The aroma on this coffee gives me some citrusy fruits and maybe a hint of florals. Taking a sip, I’m greeted by a medium-light bodied coffee that has a lot of punch to it… so I guess I’d say the body is on the lighter side, the flavors are quite intense and contradict the lighter body. There’s a lot going on in this coffee, and all of it is hitting me really great! As the cup cools, some of its intensity mellows out, too, which I think serves this coffee well. This sip starts sweet and fruited and then the more intense citrus notes crash in and ramp up the acidity quite a bit. And even though this coffee is quite bright, it keeps a solid sweet base to give it some balance. This definitely leans into the fruity aspects of its flavor profile, but that’s fine because those fruits are delicious!

Parsing out the flavors I’m getting, a cool, honeydew melon sweetness that washes over my palate in the early sip. The citrus notes that come in hard and heavy right after it remind me of pink grapefruit, mostly the fruit and juice itself with minimal pithy bitterness. This grapefruity note is a little rounder and less aggressive than what I might expect from, say, a bright Kenyan coffee that is very grapefruit forward. There’s a definite “juiciness” to these flavors, really hitting the cheeks and causing some salivation in my palate that just wants me to drink more, and faster! The honeydew note comes back strongly for me in the finish and aftertaste of this coffee. There is a definite “coolness” to the flavors in this coffee that is hard to desribe…. for me, most coffees tend to fall into the “warm” category and I don’t mean temperature. Whether it’s warm spicy notes or fresh baked goods or chocolate, dark fruits, etc, these coffees tend to have flavors that evoke “warmth” or they somehow relate to a scene in my mind that is “warm.” Occasionally, though, coffees can be the opposite and more of a cool vibe and this is definitely one of those. The last coffee I can think of off the top of my head that called up “coolness” to me was Theodore’s absolutely amazing Wush Wush from Ethiopia, so it’s definitely a welcome surprise when I find a “cool” coffee!

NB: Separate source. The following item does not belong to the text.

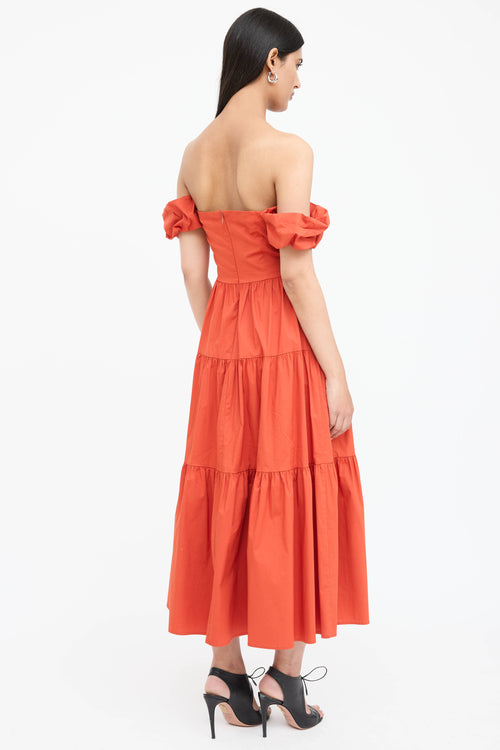 Staud Tiered Puffed Maxi Dress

This is a delightful coffee. It’s bright without being harsh, it’s delicious and inviting and yet the crisp melon and grapefruit flavors are a bit of a surprise and somewhat unexpected compared to a lot of the coffees I’ve been drinking. I found myself having to slow down as I drank this coffee because it got better and better as it cooled down and the sweetness and juiciness of those fruits had me practically chugging this coffee down by the end! This is an outstanding first outing for Bridge City for me and I can’t wait to try out the other two samples they sent!